Overall, 21% of patients (187 of 901) displayed transition mutations (G12D, G12S, G13D, G13S), and 68.2% (615 of 901) transversion mutations (G12A, G12C, G12F, G12V) (Supplementary Table 1).
Specific point mutations differed between never-smokers and former/current smokers (Fig. 3, Table 2). Among never-smokers, the most common KRAS mutation was G12D (19 of 42; 45%), whereas G12C was the most frequent mutation among former/current smokers (362 of 849; 42.6%). Patients with transition mutations were more likely to be nonsmokers than patients exhibiting transversion mutations (10.2% versus 3.6%; p < 0.001). Other clinical characteristics were similar between patients with KRAS transition versus transversion mutations.

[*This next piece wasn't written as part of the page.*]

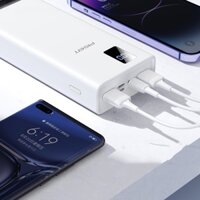 Sạc dự phòng Pisen  20000mah 22.5W - Sạc Nhanh Chính Hãng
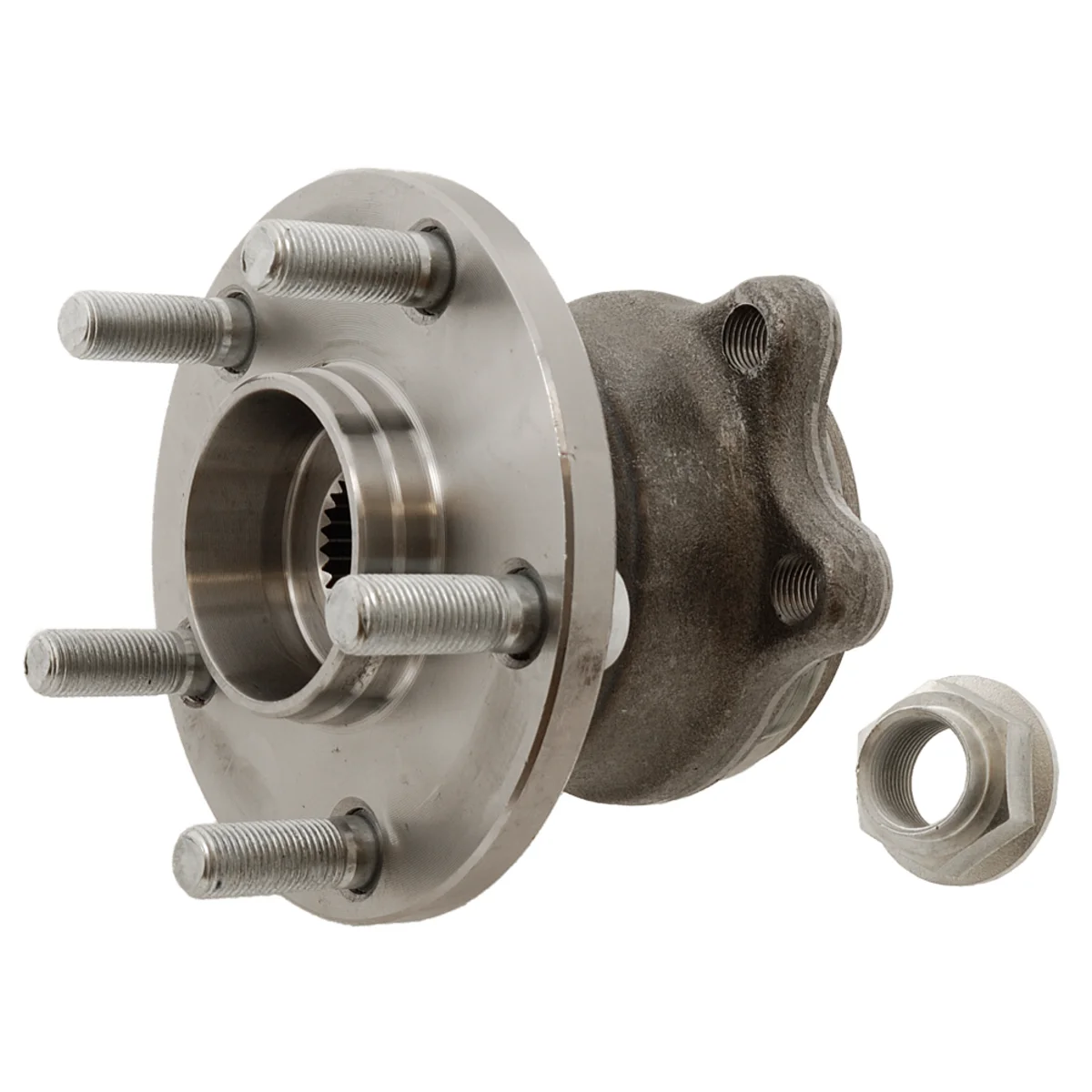 Hjullagersett passer Subaru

KRAS Mutation and Survival
The median OS for all patients with KRAS-mutated locally advanced or metastatic lung cancer was 8.1 months (95% CI: 7.5–9.5 mo). No difference was noted when comparing survival according to the different KRAS point mutations (Fig. 3A, Supplementary Table 1). There were no differences in outcome for patients with KRAS transition (6.6 mo [95% CI: 5.4–8.2] versus transversion mutations (8.4 mo [95% CI: 7.6–10.3], p = 0.46, Fig. 3B, Supplementary Table 2). The OS in patients with KRAS mutations did not differ according to tobacco status (smoker/former smoker versus nonsmoker) (data not shown).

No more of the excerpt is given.